The Bus

I sat around in the bus station for a while but the people depressed me so I took my suitcase and went out in the rain and began walking.
—-Charles Bukowski, Factotum

Downtown Dallas at Night, (Click to Enlarge)

Downtown Dallas at Night, (Click to Enlarge)

Ride a city bus at night. Late at night. Look around. Really look around. Don’t read your book, don’t check your phone, don’t turn away.

Look at the people. Open your pores and let the pure atmosphere of despair and regret inside where it will knead your soul. Feel the exhaustion of going home from the night shift. Touch the grease spot on the window where people that can’t even find the energy to keep their heads upright fall. Breath in the ghosts of ancient alcohol and unwashed perspiration. Listen to the giggling and proud talk of the night denizens on their blowzy way home from a night of exhausted carousing. Feel their desperate intoxicated love.

Let yourself enter the mysterious world.

Later, maybe a week later, or a month, or years later, late at night – when you are at home on your prescription mattress and breathing that conditioned – carefully purified and modified – air wafting from ductwork overhead.

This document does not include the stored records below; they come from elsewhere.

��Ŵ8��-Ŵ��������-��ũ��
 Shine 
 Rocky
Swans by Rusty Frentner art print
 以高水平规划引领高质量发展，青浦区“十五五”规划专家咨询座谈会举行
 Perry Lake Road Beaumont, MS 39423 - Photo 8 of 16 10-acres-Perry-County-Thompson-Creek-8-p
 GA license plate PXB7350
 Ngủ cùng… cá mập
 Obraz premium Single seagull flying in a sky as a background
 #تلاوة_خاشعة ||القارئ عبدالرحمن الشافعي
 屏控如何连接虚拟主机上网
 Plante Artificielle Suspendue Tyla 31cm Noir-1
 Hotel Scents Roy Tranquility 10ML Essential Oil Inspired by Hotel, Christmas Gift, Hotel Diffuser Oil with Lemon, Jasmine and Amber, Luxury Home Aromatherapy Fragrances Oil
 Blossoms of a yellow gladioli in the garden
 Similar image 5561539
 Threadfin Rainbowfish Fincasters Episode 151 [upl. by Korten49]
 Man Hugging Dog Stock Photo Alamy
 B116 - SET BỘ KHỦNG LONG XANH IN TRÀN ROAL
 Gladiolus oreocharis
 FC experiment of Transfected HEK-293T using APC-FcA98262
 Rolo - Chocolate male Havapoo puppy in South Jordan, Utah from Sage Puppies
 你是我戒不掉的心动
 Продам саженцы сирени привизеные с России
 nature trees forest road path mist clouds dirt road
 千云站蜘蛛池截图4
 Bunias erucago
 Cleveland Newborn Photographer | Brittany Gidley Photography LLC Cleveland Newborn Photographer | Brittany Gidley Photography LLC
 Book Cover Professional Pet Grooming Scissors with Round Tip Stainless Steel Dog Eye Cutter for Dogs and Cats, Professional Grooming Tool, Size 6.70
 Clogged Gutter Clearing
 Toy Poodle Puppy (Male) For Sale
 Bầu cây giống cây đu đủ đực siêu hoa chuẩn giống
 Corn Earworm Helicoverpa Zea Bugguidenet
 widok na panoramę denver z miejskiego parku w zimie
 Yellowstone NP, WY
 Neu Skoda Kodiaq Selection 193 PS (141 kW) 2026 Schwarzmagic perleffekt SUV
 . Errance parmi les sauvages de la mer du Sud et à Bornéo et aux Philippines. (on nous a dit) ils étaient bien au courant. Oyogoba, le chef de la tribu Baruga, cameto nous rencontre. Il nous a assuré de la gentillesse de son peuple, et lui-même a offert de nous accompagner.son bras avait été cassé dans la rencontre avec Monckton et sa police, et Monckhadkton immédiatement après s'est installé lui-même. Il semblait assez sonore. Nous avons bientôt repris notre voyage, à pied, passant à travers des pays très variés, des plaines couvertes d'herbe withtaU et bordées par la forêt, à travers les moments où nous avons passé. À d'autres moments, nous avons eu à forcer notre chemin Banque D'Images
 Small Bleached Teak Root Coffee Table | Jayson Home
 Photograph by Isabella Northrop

When you have set your book down on the nightstand after a particularly satisfying chapter. When the glowing red digits indicate you have a good, restful, eight hours before you start mashing the snooze button. When the large, high definition, flat-screen television that you carefully positioned so that you can see it from your bed is showing the double-plays, strikeouts, and home runs from all over the country. When you begin to nod off and feel the dreams welling up….

the people on the late night buses are still there. You are home and so are they. They are still there. They are always there.